Social Media is not a Business

Susan Murphy is right on: we're at what I would call a social media inflection point. The "try to find someone around here who gets it" phase of social media is over. We're now entering the "real opportunity phase" of social media. In terms of tactics, we're past the point where doing something crazy on Facebook or YouTube got you meta-buzz (that is, the buzz about the buzz).

I'm glad, honestly, that we can leave the hype phase behind.  This does not mean that you cannot do fun, amazing things which show your customers that you love them, or show your prospects the kind of company you are on your best days and wish you could be on your worst days.

Instead, think about how social media reduces the costs of connecting to people but also increases the likelihood of doing so.  Email reduces costs but really didn't do much to reduce barriers to reaching out and forming genuine connections.

Companies have become so large that an impossible maze of technology and physical distance now separate the person who designs a product from the person who sells it, and both of them from the person who buys it.  You'll probably never meet the person who designed your shoes, made your shoes, or marketed your shoes, or started the shoe company.  Even if you tried to find out who those people were, you would have a tough time.

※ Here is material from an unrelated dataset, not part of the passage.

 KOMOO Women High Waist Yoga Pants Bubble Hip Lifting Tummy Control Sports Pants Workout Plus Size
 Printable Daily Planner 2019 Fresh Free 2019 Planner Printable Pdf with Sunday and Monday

These processes de-humanize our expreience of products and services.  We buy things impersonally, and in a lot of cases that's an advantage.  I don't need someone to hang over my shoulder when I buy a book i know I want. 

Yet in an age of firms that seem ever more obedient to Wall Street, institutional ownership, the 24-hour news cycle, and quarterly earnings reports, and less focused on long term financial health and customer satsfaction, I wonder if individual employees would think twice about how their actiosn affected the outcomes for the firm.

Sole-proprietorships and small businesses thrive on relationships- being close to the customer , building amazing loyalty, and knowing that the success of the business is equivalent to their long-term livelihood.  To the extent that such businesses are not driven out by the big box stores, I think we'd never see them make a short-sighted decision just to hit their numbers. 

The next challenge for social media, as I see it, is to be a technology platform for bringing all employees closer to the customer.  A place where they know who the customer is, how their jobs deliver value, and participate in expressing the company's brand.  We'd all be proud of working in a place like that.